Crawled caption data
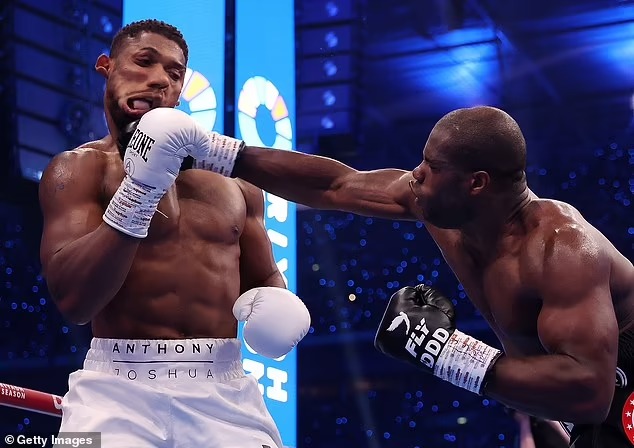 Daniel Dubious knocks out Anthony Joshua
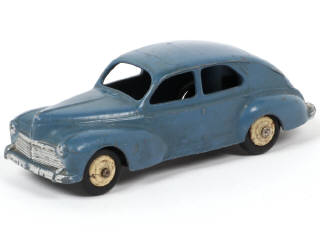 Lot 145 - DINKY TOYS (FRANCE) (1)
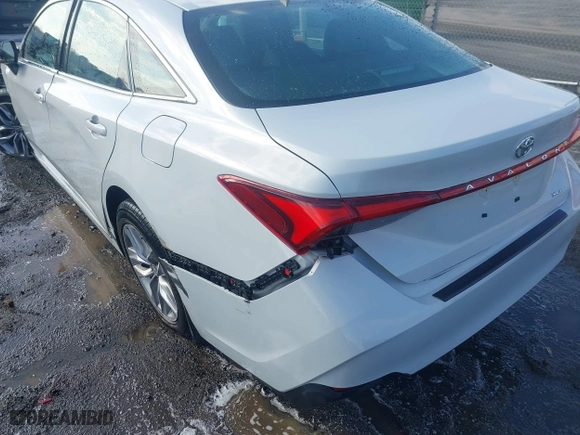 2022 Toyota Avalon XLE with VIN 4T1AZ1FB1NU079120, listed as a IAAI auction lot 41568799 with 63,419 mi miles. Bid and sale history available at carsss.com. Image 19.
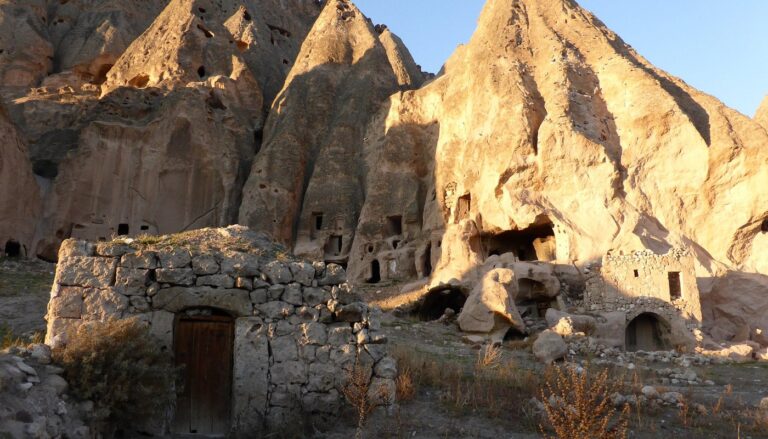 Things to Do in Ürgüp: Old Town, Wine, Views & More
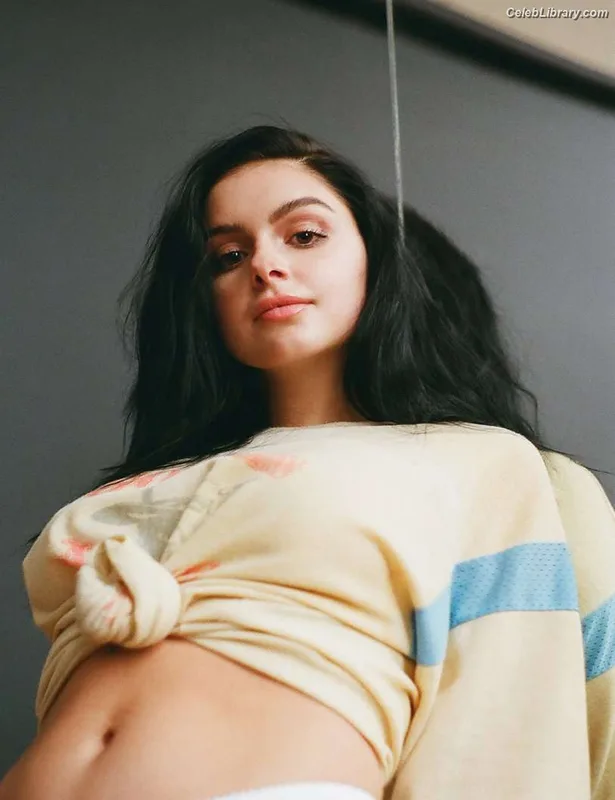 Ariel Winter photo 6 of 994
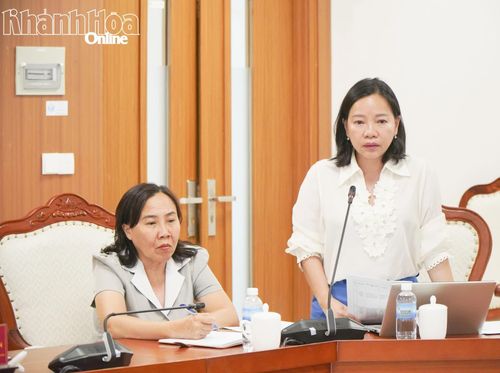 Bà Thái Thị Lệ Hằng - Giám đốc Sở Văn hóa, Thể thao và Du lịch báo cáo tại cuộc họp.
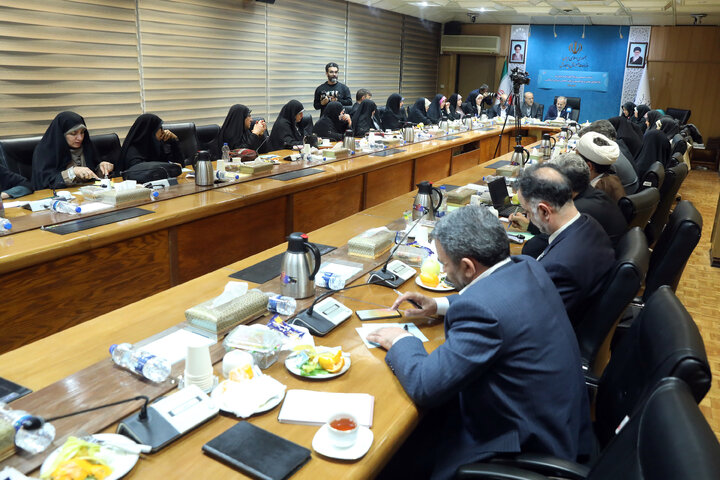 دیدار اعضای فراکسیون زنان و خانواده مجلس با وزیر آموزش و پرورش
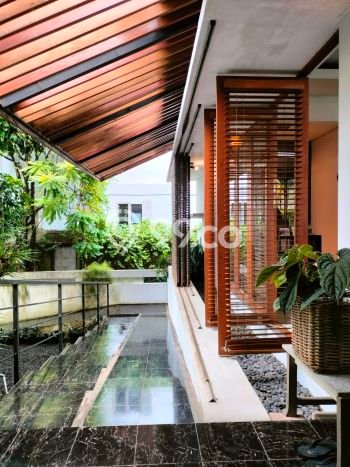 Jual Rumah Luas Elegan Dengan View Cantik di Antasari, Jakarta Selatan Jual Rumah Luas Elegan Dengan View Cantik di Antasari, Jakarta Selatan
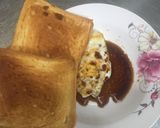Hình bước làm 4 của món Trứng ốp la trong sandwich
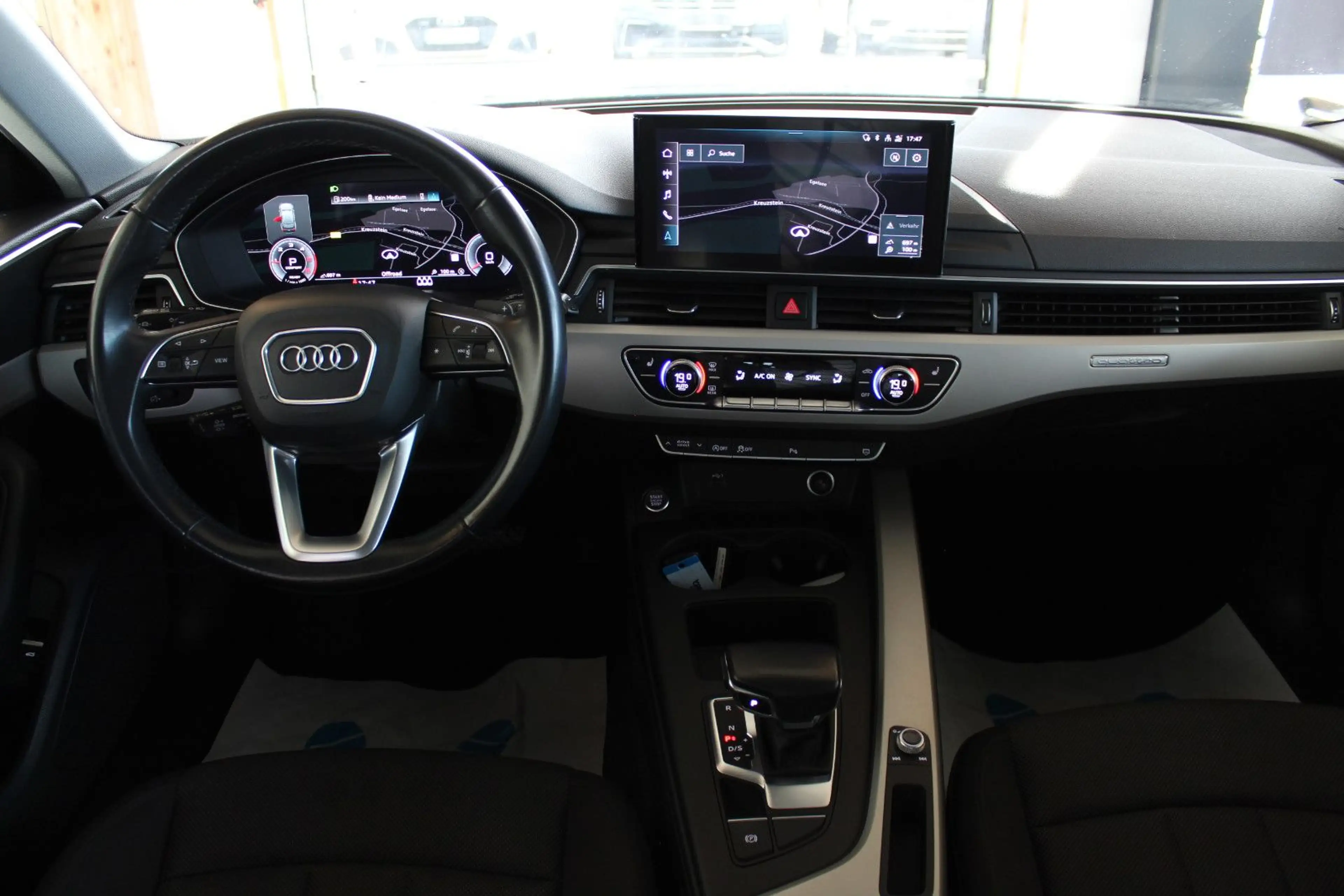 Audi A4 Avant 40 TDI S tro quattro*NAVI*LED*VIRT*PANO — photo 10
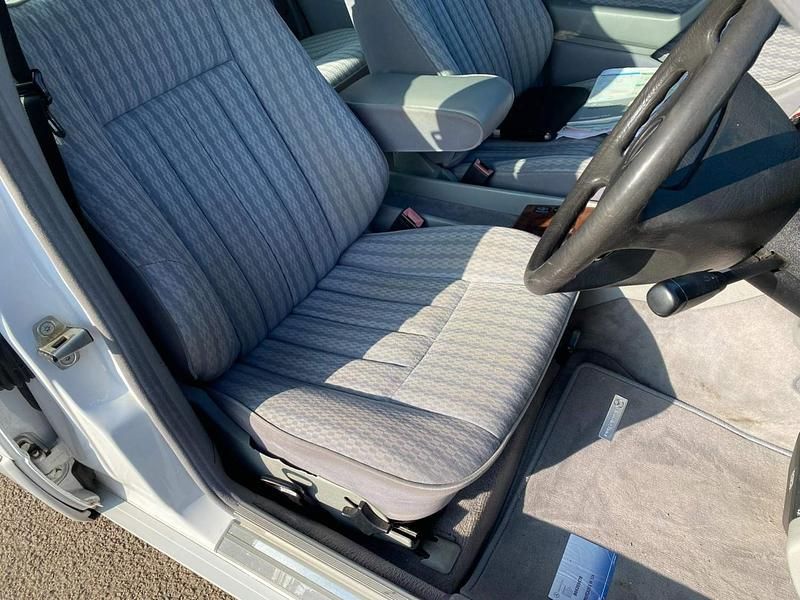 Used Mercedes 220 1993 White Sedan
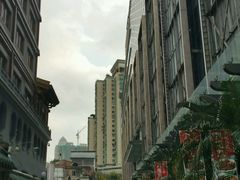 -大头虾越式风味餐厅(光明广场店)
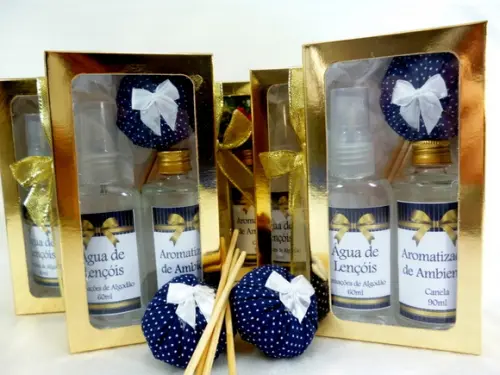 Kit Madrinhas Caixa Dourada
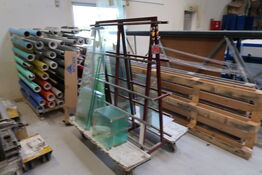 Opbevaringsvogn med div. glas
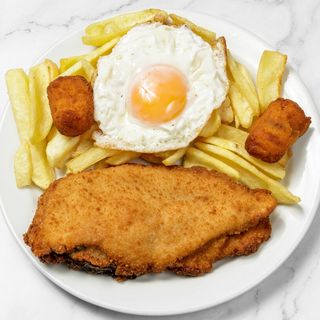 Plato combinado de cachopo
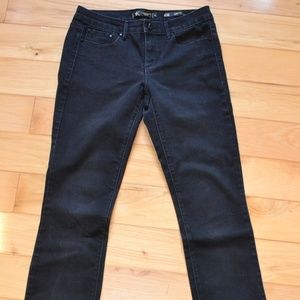 Kardashian jeans 4 Kim curvy straight black denim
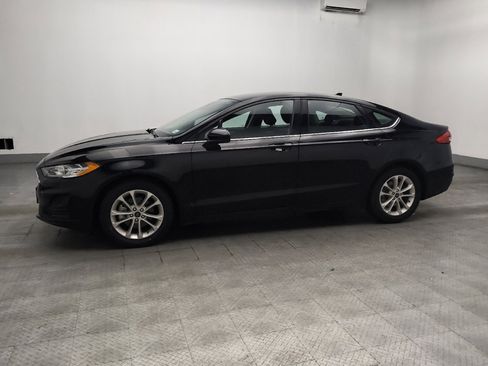 Used 2020 Ford Fusion SE FWD image 2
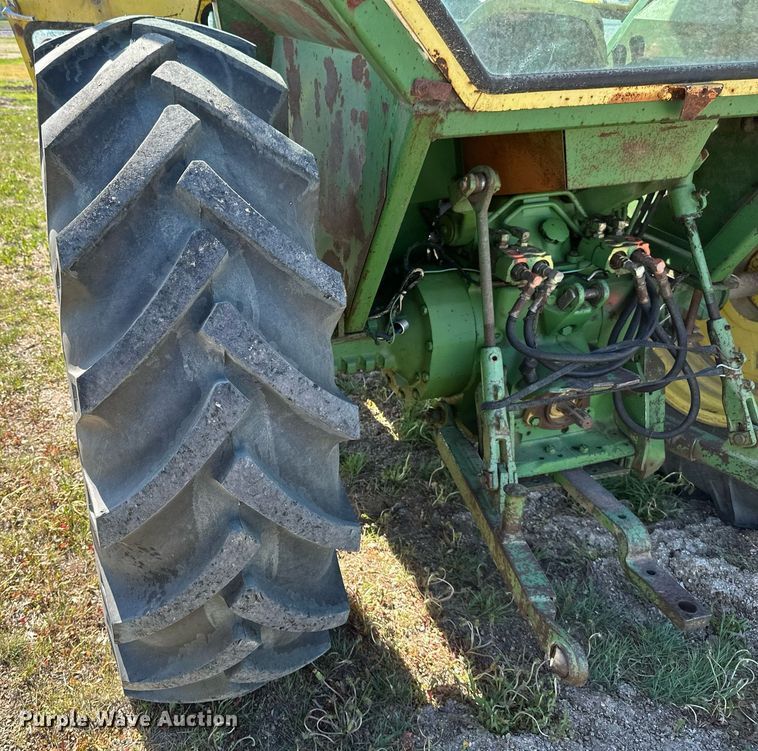 image for item EB2568 John Deere 2640 tractor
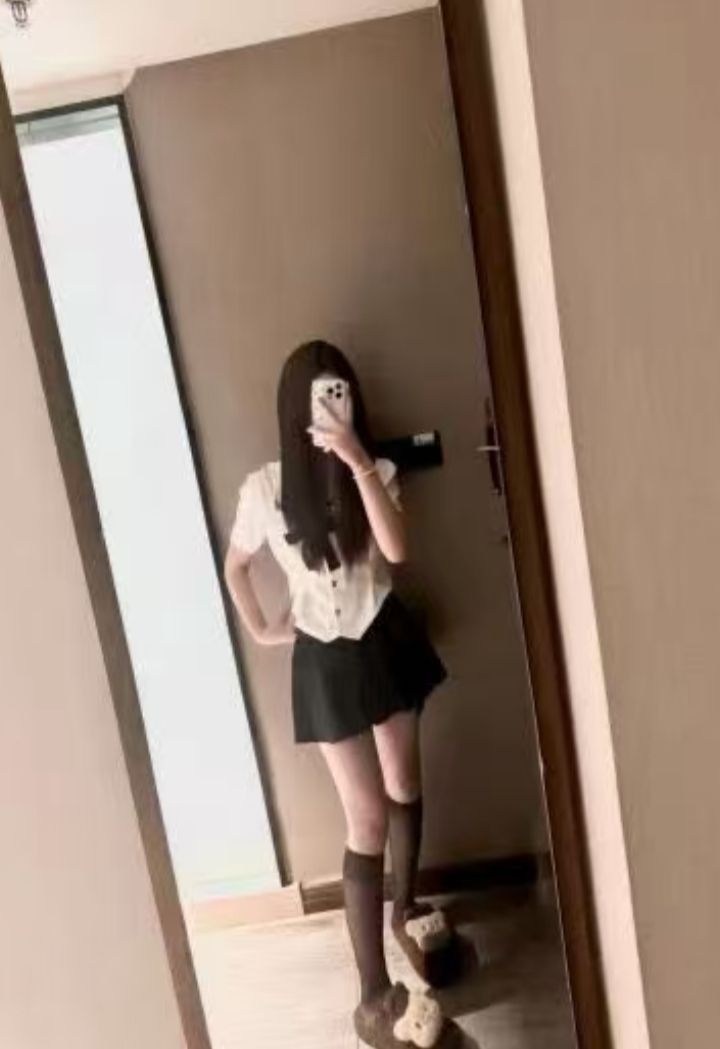 白嫩兼职甜妹云儿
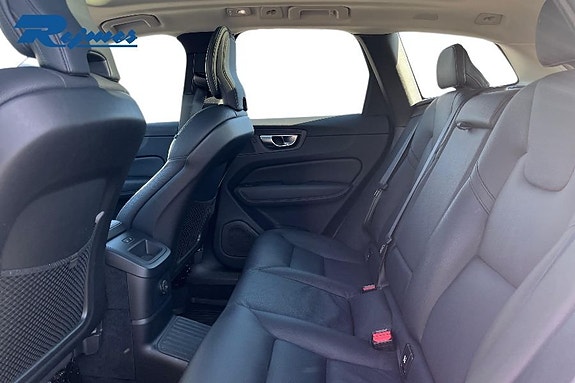 Volvo XC60 21 of 27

# [ASSIGNMENT]
Beginning with the line containing "دیدار اعضای فراکسیون" and ending with the last line of the data, output those lines exactly and nothing more. Omit every picture.

# [SOLUTION TO THE PROBLEM]
 دیدار اعضای فراکسیون زنان و خانواده مجلس با وزیر آموزش و پرورش
 Jual Rumah Luas Elegan Dengan View Cantik di Antasari, Jakarta Selatan Jual Rumah Luas Elegan Dengan View Cantik di Antasari, Jakarta Selatan
Hình bước làm 4 của món Trứng ốp la trong sandwich
 Audi A4 Avant 40 TDI S tro quattro*NAVI*LED*VIRT*PANO — photo 10
 Used Mercedes 220 1993 White Sedan
 -大头虾越式风味餐厅(光明广场店)
 Kit Madrinhas Caixa Dourada
 Opbevaringsvogn med div. glas
 Plato combinado de cachopo
 Kardashian jeans 4 Kim curvy straight black denim
 Used 2020 Ford Fusion SE FWD image 2
 image for item EB2568 John Deere 2640 tractor
 白嫩兼职甜妹云儿
 Volvo XC60 21 of 27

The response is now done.